ΔG = -7,7 kcal/mol or -31 KJ/mol approximately, which is the same.

It's a very exergenous reaction. His ${displaystyle k_{eq}}$ It's 11.

This is how it is understood that ATP has a tendency to hydrolyze naturally and release energy.

Chemical reasons for the tendency to hydrolysis

There are three chemical reasons for this trend:

1. Resonance stabilization energy: it is given by electronic delocalization, that is, because of the different electronivity between the P and the O, there is a displacement of the electrons from the double links to the O. In the double link they have a certain character of simple and vice versa.
   Resonance stabilization energy is higher in hydrolysis products than in ATP. This is mainly due to the fact that the electrons π (the red points in the O) of the oxygen bridge between the P are strongly attracted by the phosphoric groups.
   The competition for electrons π creates a tension in the molecule evidently lower (or is absent) in hydrolysis products. Therefore, there is greater resonance stabilization energy in hydrolysis products.
2. Electrical pressure between the neighboring negative loads in the ATP (arrows between the O of the Pi). This tension is evidently lower in hydrolysis products.
3. Solvation: the natural tendency is towards greater snuffing. Solvating energy is higher in hydrolysis products than in ATP.

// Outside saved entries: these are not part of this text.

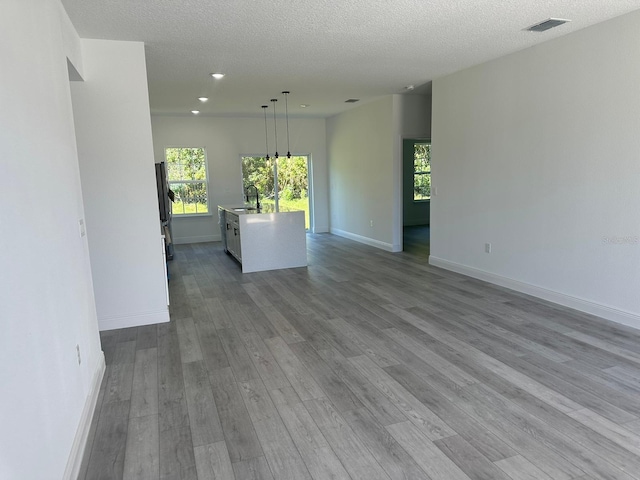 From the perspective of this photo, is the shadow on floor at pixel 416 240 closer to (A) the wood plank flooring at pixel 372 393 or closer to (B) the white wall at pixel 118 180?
(A) the wood plank flooring at pixel 372 393

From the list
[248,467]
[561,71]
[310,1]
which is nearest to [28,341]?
[248,467]

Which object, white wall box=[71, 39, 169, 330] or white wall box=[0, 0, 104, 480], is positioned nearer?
white wall box=[0, 0, 104, 480]

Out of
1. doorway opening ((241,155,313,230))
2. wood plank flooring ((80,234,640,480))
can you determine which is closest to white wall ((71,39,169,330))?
wood plank flooring ((80,234,640,480))

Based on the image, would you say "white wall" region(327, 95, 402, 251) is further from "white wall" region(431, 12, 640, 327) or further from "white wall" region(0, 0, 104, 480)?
"white wall" region(0, 0, 104, 480)

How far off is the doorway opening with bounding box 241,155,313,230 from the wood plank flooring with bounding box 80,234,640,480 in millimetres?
5013

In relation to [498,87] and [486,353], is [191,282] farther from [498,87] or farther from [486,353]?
[498,87]

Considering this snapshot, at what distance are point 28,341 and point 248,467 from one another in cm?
111

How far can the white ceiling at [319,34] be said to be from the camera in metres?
3.13

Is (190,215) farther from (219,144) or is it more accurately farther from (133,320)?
(133,320)

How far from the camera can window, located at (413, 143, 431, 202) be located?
10422 millimetres

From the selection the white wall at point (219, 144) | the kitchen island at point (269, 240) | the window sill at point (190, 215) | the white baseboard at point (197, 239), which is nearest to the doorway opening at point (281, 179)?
the white wall at point (219, 144)

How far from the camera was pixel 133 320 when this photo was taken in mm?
3971

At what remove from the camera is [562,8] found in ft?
10.7

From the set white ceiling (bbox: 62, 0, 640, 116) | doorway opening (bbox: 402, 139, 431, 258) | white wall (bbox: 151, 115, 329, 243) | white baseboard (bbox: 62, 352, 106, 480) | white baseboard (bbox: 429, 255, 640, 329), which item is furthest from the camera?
doorway opening (bbox: 402, 139, 431, 258) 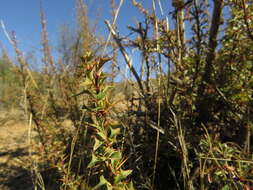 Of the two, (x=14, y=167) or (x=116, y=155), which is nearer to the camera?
(x=116, y=155)

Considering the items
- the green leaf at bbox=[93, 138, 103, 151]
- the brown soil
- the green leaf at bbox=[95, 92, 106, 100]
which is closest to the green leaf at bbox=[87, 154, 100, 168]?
the green leaf at bbox=[93, 138, 103, 151]

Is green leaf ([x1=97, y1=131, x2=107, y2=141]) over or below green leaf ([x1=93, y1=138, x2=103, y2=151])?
over

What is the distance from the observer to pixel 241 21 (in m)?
0.80

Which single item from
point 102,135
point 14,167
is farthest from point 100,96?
point 14,167

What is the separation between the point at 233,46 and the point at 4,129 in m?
3.63

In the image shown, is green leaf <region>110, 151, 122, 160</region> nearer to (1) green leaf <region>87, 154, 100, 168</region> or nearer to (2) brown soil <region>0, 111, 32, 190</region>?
(1) green leaf <region>87, 154, 100, 168</region>

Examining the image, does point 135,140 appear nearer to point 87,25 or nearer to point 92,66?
point 92,66

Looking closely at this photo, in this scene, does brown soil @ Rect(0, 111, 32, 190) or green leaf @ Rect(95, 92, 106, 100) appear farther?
brown soil @ Rect(0, 111, 32, 190)

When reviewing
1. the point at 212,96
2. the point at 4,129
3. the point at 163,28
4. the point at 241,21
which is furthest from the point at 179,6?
the point at 4,129

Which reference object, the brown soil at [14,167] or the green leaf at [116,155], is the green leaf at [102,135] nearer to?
the green leaf at [116,155]

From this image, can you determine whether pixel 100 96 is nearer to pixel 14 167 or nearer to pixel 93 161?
pixel 93 161

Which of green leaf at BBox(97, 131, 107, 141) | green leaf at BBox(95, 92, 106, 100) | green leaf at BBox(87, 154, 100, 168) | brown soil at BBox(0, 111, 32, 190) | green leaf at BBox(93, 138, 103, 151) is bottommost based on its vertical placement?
brown soil at BBox(0, 111, 32, 190)

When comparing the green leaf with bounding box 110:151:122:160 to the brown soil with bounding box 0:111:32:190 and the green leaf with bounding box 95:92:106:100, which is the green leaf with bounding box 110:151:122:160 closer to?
the green leaf with bounding box 95:92:106:100

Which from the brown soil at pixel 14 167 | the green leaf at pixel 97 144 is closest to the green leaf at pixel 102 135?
the green leaf at pixel 97 144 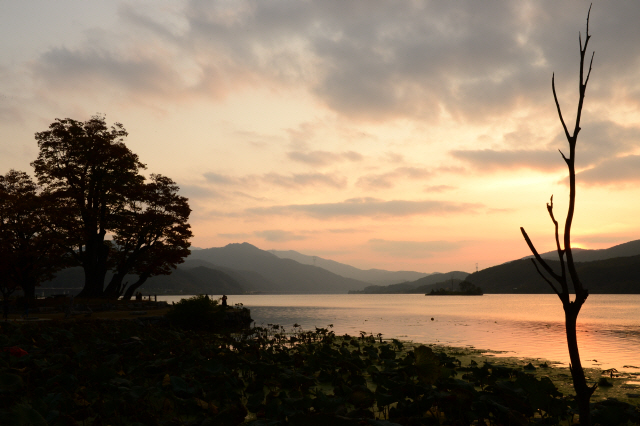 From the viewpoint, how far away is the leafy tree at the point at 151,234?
40156 millimetres

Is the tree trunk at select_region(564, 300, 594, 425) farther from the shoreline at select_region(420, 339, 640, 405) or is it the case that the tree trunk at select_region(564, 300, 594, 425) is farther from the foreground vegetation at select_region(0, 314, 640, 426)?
the shoreline at select_region(420, 339, 640, 405)

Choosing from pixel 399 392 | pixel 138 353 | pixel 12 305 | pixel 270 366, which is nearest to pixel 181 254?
pixel 12 305

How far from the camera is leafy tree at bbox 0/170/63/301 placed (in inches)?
1396

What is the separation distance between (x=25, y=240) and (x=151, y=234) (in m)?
10.00

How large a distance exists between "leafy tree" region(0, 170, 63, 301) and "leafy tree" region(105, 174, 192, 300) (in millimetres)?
5118

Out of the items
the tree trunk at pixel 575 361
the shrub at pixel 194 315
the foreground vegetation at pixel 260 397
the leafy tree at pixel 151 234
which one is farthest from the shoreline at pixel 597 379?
the leafy tree at pixel 151 234

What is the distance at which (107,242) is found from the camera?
142ft

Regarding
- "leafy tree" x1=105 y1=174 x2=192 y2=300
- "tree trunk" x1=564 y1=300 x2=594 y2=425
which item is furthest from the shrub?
"tree trunk" x1=564 y1=300 x2=594 y2=425

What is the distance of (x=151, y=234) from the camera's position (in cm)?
4138

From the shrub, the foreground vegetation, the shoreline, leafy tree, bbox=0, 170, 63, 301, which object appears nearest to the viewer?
the foreground vegetation

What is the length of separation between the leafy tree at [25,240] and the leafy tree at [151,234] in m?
5.12

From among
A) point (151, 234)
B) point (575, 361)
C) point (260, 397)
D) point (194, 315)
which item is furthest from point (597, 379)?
point (151, 234)

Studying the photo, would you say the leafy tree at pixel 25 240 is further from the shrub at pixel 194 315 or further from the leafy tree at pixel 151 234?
the shrub at pixel 194 315

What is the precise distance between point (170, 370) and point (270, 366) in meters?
2.53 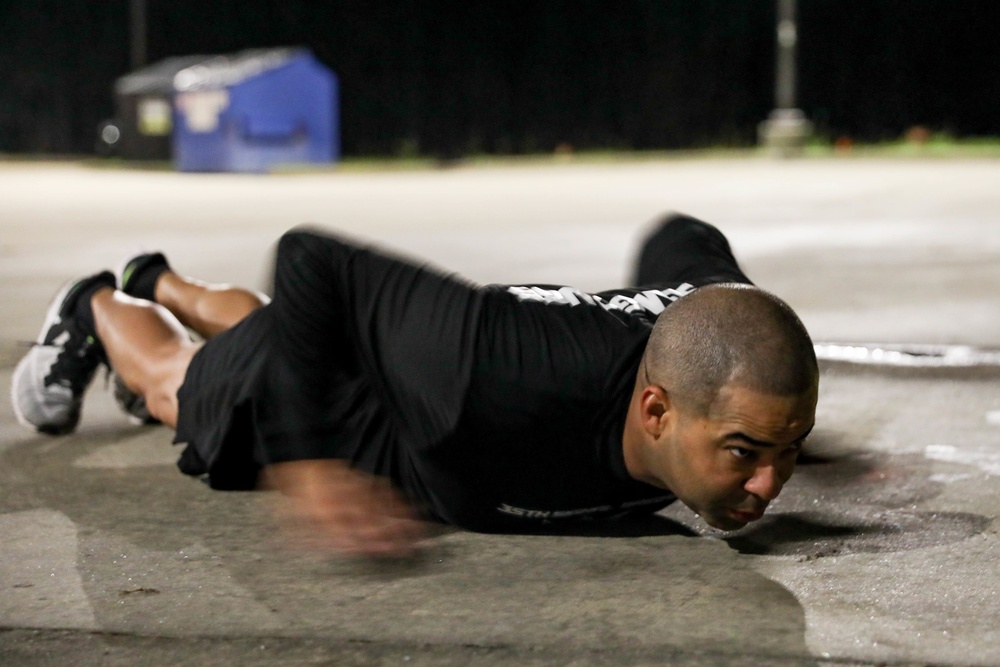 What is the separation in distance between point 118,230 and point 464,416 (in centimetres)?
934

There are many high-energy bonds in the cell, most of which are phosphate bonds. ATP occupies an intermediate position among the high-energy phosphates.

One of the most important functions of ATP is that it stores, in the form of chemical potential energy, a large amount of energy for biological functions, and it is released when one or two of the phosphates are separated from the ATP molecules.